WHAT IS REQUIRED → Each line from the one containing "Quarto 1 de" to the end of the material below is to be restated exactly, with pictures skipped.

COLLECTED DATA →
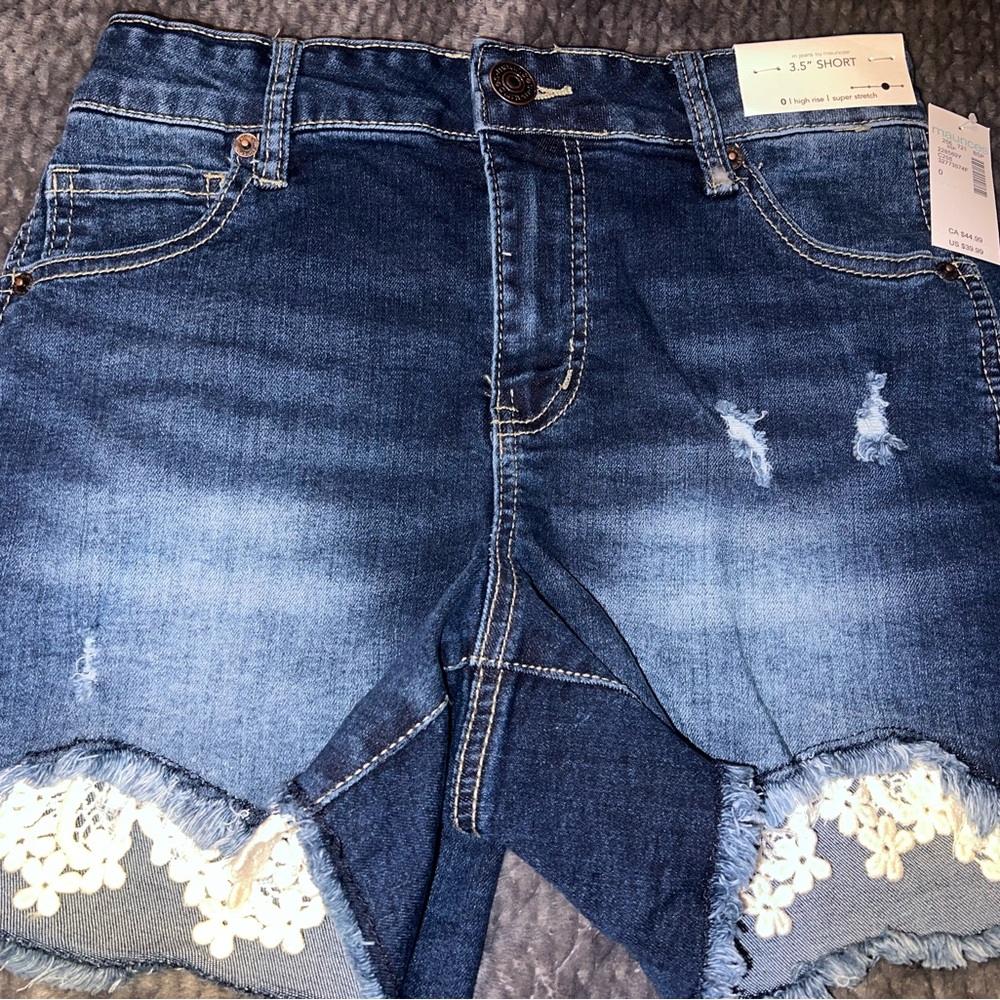 🎄🎁 Women's high rise jean shorts,  M Jeans by Maurices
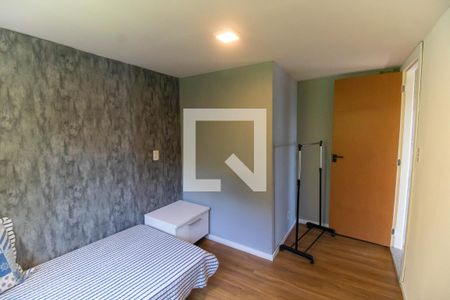 Quarto 1 de casa para alugar com 3 quartos, 100m² em São Francisco, Niterói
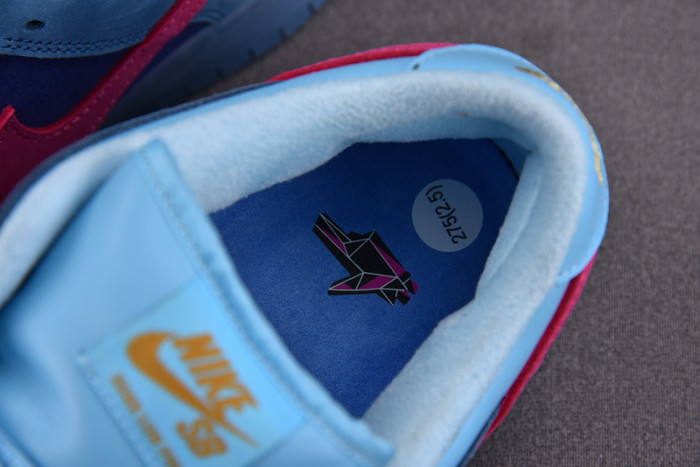 Nike SB Dunk Low Run The Jewels DO9404-400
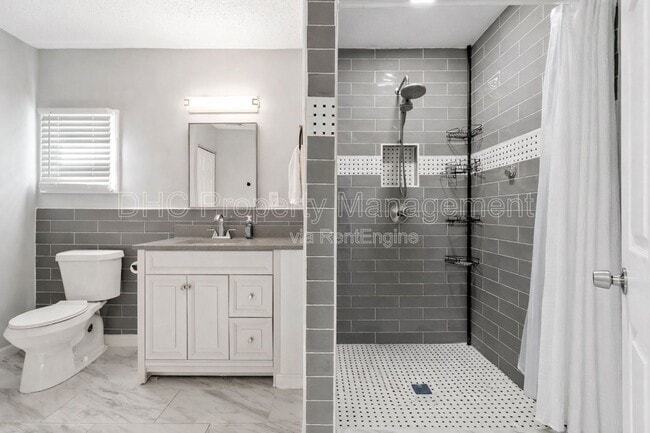 Building Photo - 168 Whitefoord Ave NE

RESULT OF THE TASK →
 Quarto 1 de casa para alugar com 3 quartos, 100m² em São Francisco, Niterói
 Nike SB Dunk Low Run The Jewels DO9404-400
 Building Photo - 168 Whitefoord Ave NE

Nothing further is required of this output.